It’s a bright Sunday in 1949 and you’re on the beach at Hermosa. The sun is shining. The sea is sparkling. There are swim caps, and umbrellas, and far less exposed flesh than you see on the beach today. And there is jazz, bebop jazz, and it’s alluring, it’s swinging, it’s bopping, and you follow it up to Pier Ave and into a place called The Lighthouse Café. And half-hour later you’re deep into a cocktail and toe-tapping joyously to The Lighthouse All-Stars.

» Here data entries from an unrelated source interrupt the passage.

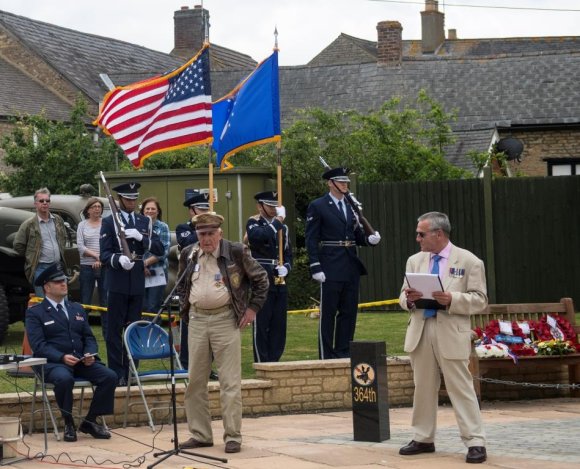 Doug Ward's speech, with the USAF Chaplain, Capt Matt Henry, seated and Cllr Glenn Harwood MBE. (Image by Joint Base McGuire-Dix-Lakehurst)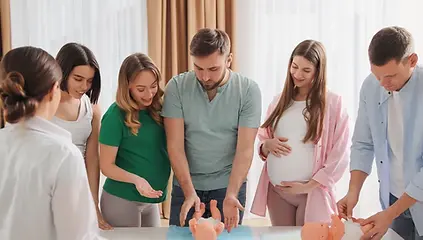 Midwifery students practicing birth skills on a training mannequin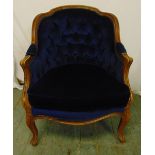 An early 20th century mahogany upholstered continental occasional chair on cabriole legs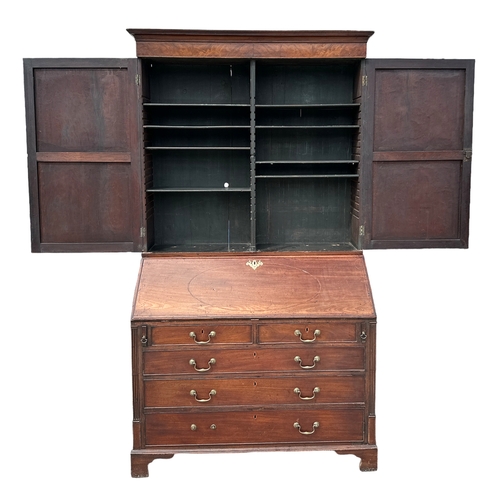 838 - A Georgian mahogany bureau bookcase, the pair of panelled doors enclosing a shelved interior above a... 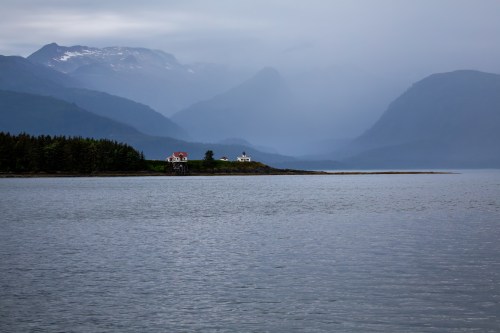 A serene landscape featuring mountains, a calm sea, and two distant houses on a shoreline under a cloudy sky.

That’s how it went for many folks in Los Angeles at this time. West Coast jazz happened long before this. Pre-World War II its nucleus was Central Avenue. “Just going there and listening to great musicians do their thing—it was a post-graduate education in jazz,” writes Robert Gordon in “Jazz West Coast.” But the Central Avenue scene lost its verve in the post-war years. West Coast jazz did not die, but it faded.

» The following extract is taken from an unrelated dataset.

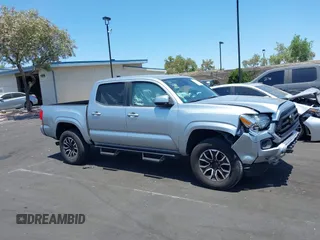 2022 Toyota Tacoma SR with VIN 3TYAX5GN4NT037625, listed as a IAAI auction lot 42382411 with 49,703 mi miles and . Bid and sale history available at DreamBid. Image 14.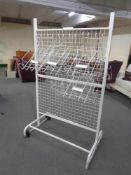 A portable wire metal shop display stand with adjustable tray shelves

Enter bassist/band leader Howard Rumsey. In early 1949 he waltzes into The Lighthouse Café on Pier Avenue in Hermosa Beach. These were the bebop days of Charlie Parker and Dizzy Gillespie. Rumsey pitched his dream to the owner, John Levine: Live jazz on Sundays. Long, improvisational sets that will be as much for the musicians as the audience. No cover charge. No drink minimum. Just think of all those folks coming off the beach looking for a place to hang!
Levine said yes—albeit on a trial basis. They set the opening for May 29, 1949. Rumsey gathered his jazz-playing musician friends. They jammed. They crushed it. So began the first of many epic Sundays. Soon The Lighthouse became LA’s jazz epicenter.

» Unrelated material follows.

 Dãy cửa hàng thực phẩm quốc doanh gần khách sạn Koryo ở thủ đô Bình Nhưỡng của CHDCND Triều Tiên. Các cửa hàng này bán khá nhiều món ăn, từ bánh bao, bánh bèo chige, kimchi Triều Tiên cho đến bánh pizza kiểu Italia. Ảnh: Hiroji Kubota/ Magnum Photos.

In the early ‘50s The Lighthouse Jazz All-Stars were formed, with regulars Howard Rumsey, Bob Cooper, Conte Candoli, and Stan Levey, and guest musicians like Max Roach, Miles Davis, Chet Baker, and Gerry Mulligan, Shorty Rogers, Bud Shank, and many more.
“West Coast jazz.” According to the documentary “Jazz on the West Coast: The Lighthouse,” it was a moniker mostly invented by the media and jazz critics. The musicians paid little attention to it—they just wanted to play. But the West Coast sound was different—in texture, instrumentation, and temperature. And the aesthetic was overtly different. East Coast jazz was typically shown in low-lit clubs, with shadows and cigarette smoke. West Coast jazz was sunny and beachy. Witness Chet Baker playing his trumpet on the shoreline, waves licking his bare feet. Or the cover of “Jazz West Coast Vol. 3” shot by William Claxton.
The Lighthouse became a hangout for Hollywood royalty. Jazz DJ Sleepy Stein broadcasted his KNOB, the world’s first all-jazz radio station, from the club. The Lighthouse Jazz All-Stars would go on to score and soundtrack many films. The Lighthouse held a collegiate competition—rewarding and ushering in the next generation of great jazz musicians. A lot of great stuff happened in the wee hours—as the musicians from this period can attest.
My favorite story is this one. At the height of The Lighthouse’s popularity there were complaints from Hermosa residents that the jazz was playing too loud and too late. The City Council brought in John Levine, and proposed that he put a midnight cutoff time on the music. Not far from The Lighthouse was an aquarium with seals that would bark all night long. Levine said that if the City Council could get the seals to stop barking at midnight, he’d get his musicians to follow suit.
The seals kept barking. The music kept playing.